[Material for this exercise Boundary: Start]

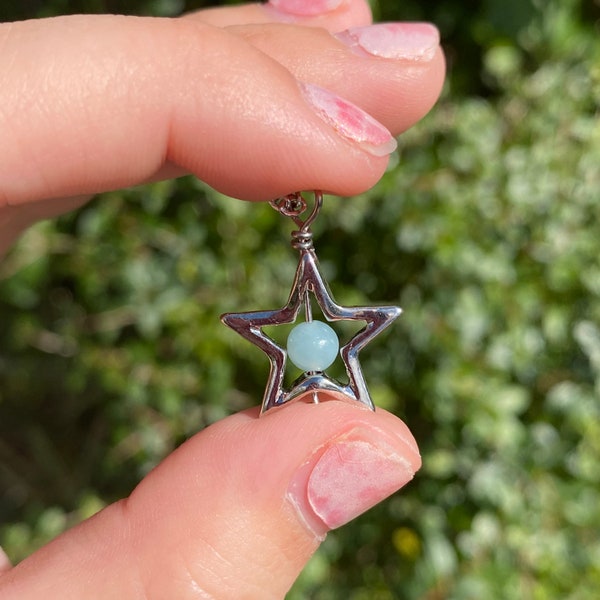 Amazonite Necklace, Anxiety Necklace, Crystal Necklace, Fidget Necklace, Anxiety Spinner Necklace, Star Pendant, Mothers Day Gift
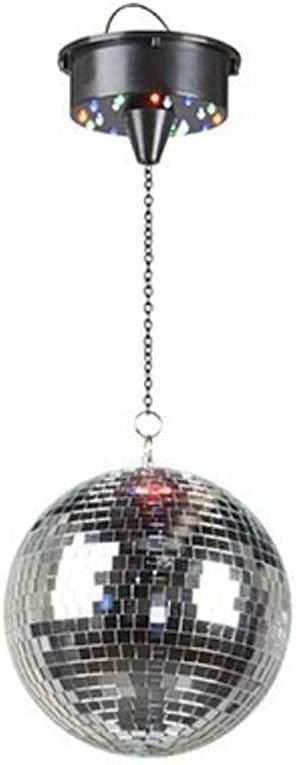 Davitu DC Motor - 8'' Hanging Mirror Ball With Sound Control Motor 18 LED lights 4-colors Rotating Mirror Disco Ball - (Speed(RPM): Adapter power supply)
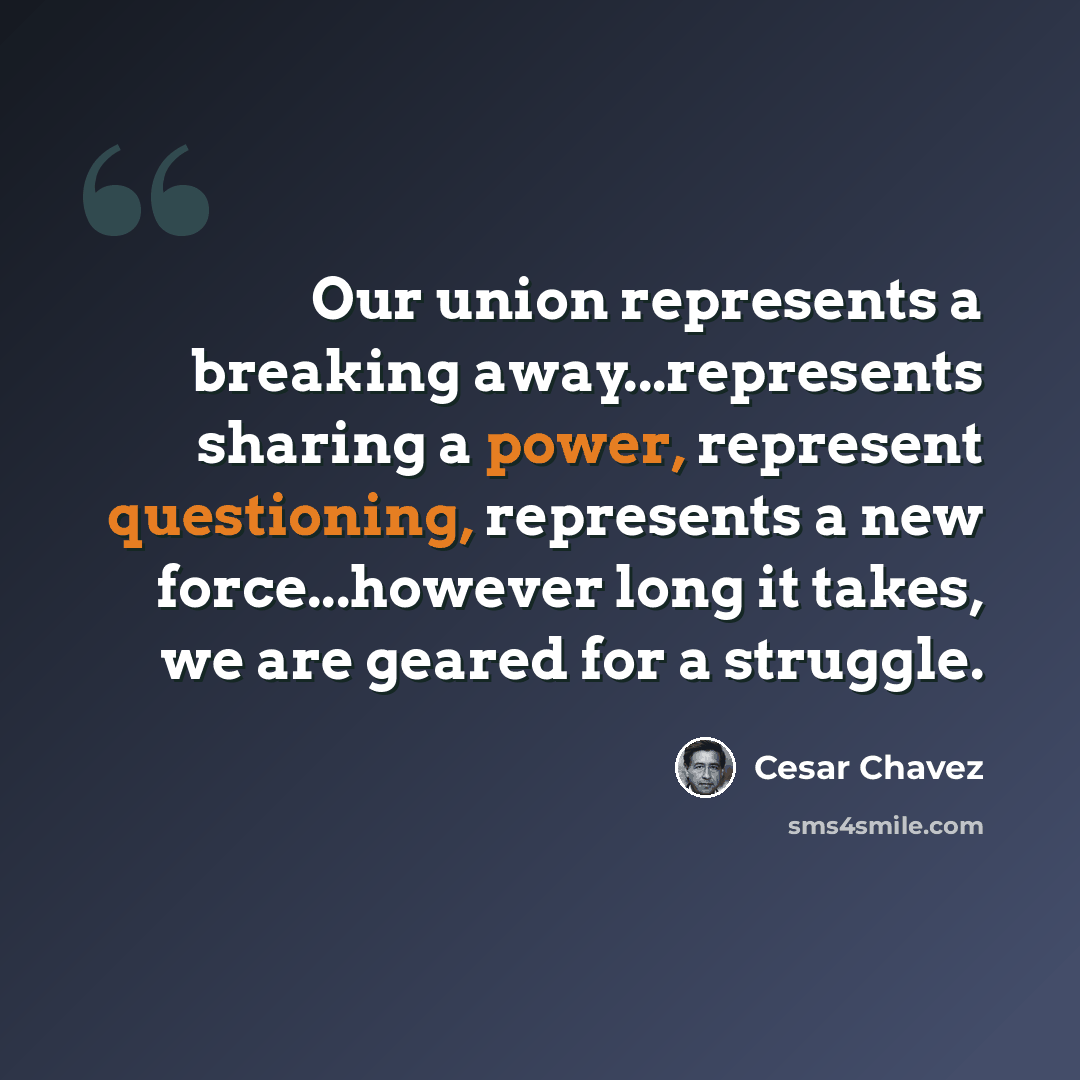 “Our union represents a breaking away...represents sharing a power, represent questioning, represents a new force...however long it takes, we are geared for a struggle.” quote by Cesar Chavez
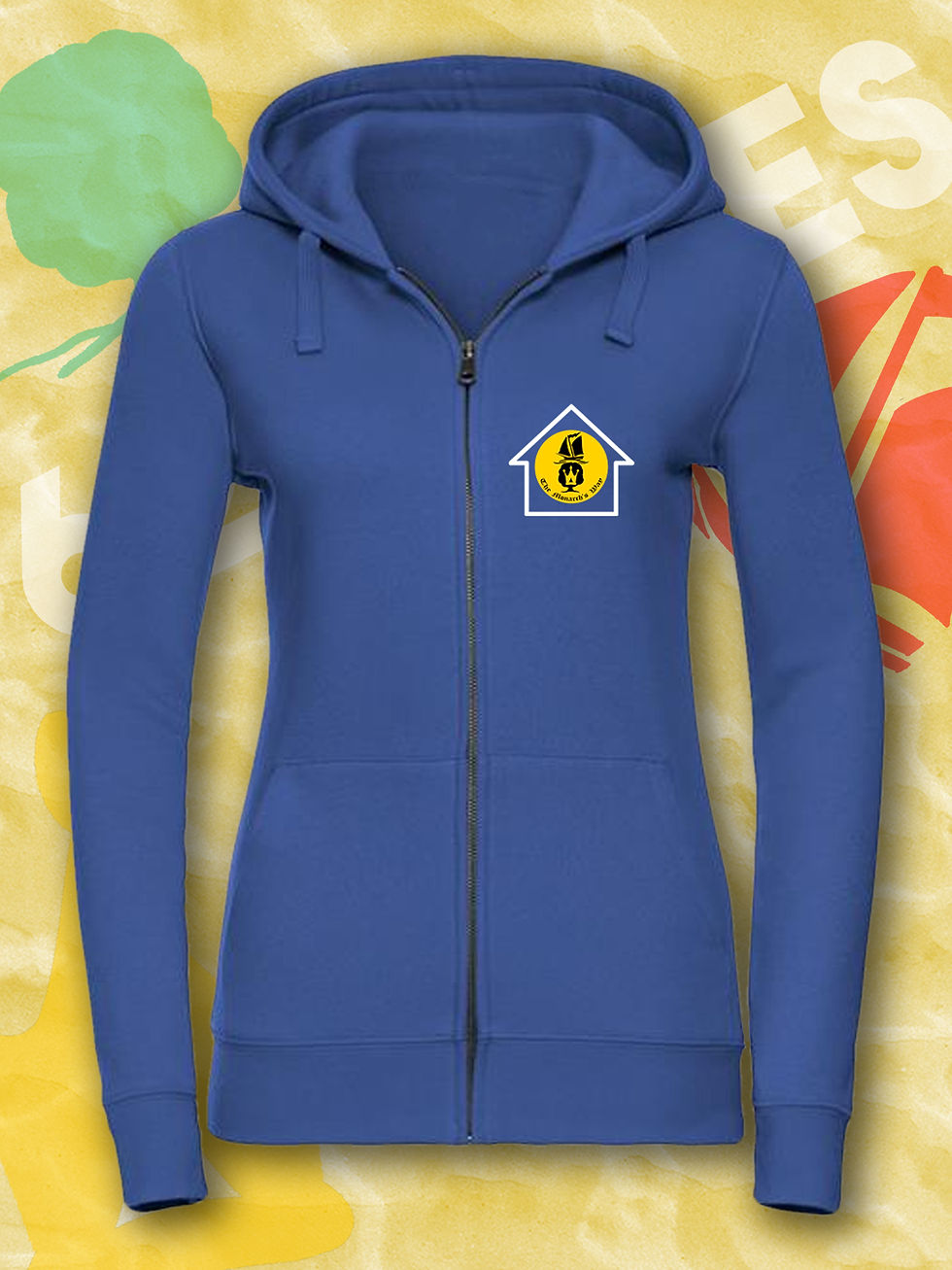 Thumbnail: Royal blue zippy jacket with The Monarch's Way logo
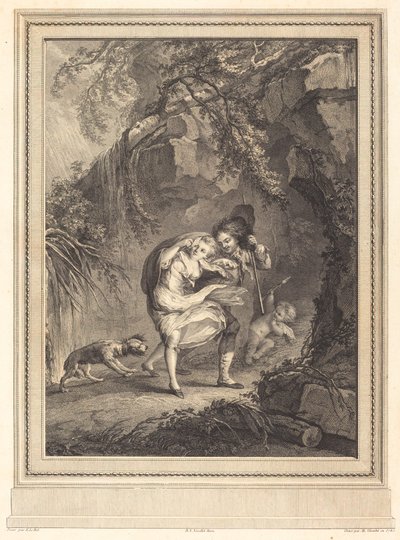 Le coup de vent (Podmuch wiatru) autorstwa Abraham Girardet after Antoine Lebel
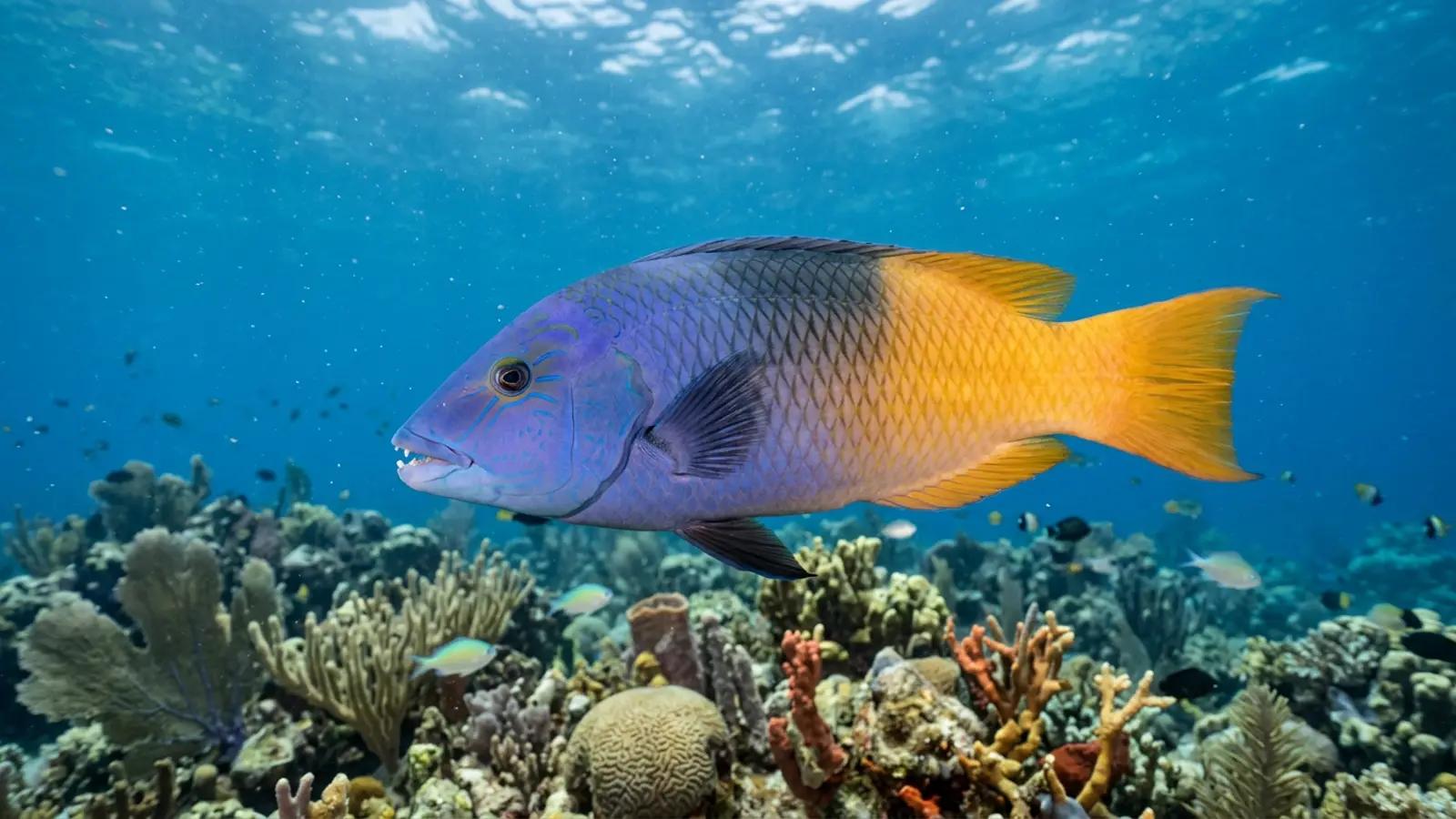 Rainbow Wrasse at the dive site Caloura Reef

[Material for this exercise Boundary: End]

An exact copy of the lines from the one with "by Cesar Chavez" through the end of the records: produce that and nothing more, leaving out the pictures.

Written answer
 “Our union represents a breaking away...represents sharing a power, represent questioning, represents a new force...however long it takes, we are geared for a struggle.” quote by Cesar Chavez
 Thumbnail: Royal blue zippy jacket with The Monarch's Way logo
 Le coup de vent (Podmuch wiatru) autorstwa Abraham Girardet after Antoine Lebel
 Rainbow Wrasse at the dive site Caloura Reef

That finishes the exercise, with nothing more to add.